** Data supplied **
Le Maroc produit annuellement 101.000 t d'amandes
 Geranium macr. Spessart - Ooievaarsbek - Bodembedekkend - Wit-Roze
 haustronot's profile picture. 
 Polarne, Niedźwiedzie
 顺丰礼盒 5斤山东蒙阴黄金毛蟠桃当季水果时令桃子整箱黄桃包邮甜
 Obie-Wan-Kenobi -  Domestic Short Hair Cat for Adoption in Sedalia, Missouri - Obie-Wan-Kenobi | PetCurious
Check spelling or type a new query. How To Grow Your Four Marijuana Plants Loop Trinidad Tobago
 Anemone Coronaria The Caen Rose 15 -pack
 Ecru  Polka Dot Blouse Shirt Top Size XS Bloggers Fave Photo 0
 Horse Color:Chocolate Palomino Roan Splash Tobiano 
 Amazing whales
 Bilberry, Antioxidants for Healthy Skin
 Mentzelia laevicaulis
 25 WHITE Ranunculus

** What this task involves **
Could you please print the entire listing exactly?

** Exercise output **
Le Maroc produit annuellement 101.000 t d'amandes
 Geranium macr. Spessart - Ooievaarsbek - Bodembedekkend - Wit-Roze
 haustronot's profile picture. 
 Polarne, Niedźwiedzie
 顺丰礼盒 5斤山东蒙阴黄金毛蟠桃当季水果时令桃子整箱黄桃包邮甜
 Obie-Wan-Kenobi -  Domestic Short Hair Cat for Adoption in Sedalia, Missouri - Obie-Wan-Kenobi | PetCurious
Check spelling or type a new query. How To Grow Your Four Marijuana Plants Loop Trinidad Tobago
 Anemone Coronaria The Caen Rose 15 -pack
 Ecru  Polka Dot Blouse Shirt Top Size XS Bloggers Fave Photo 0
 Horse Color:Chocolate Palomino Roan Splash Tobiano 
 Amazing whales
 Bilberry, Antioxidants for Healthy Skin
 Mentzelia laevicaulis
 25 WHITE Ranunculus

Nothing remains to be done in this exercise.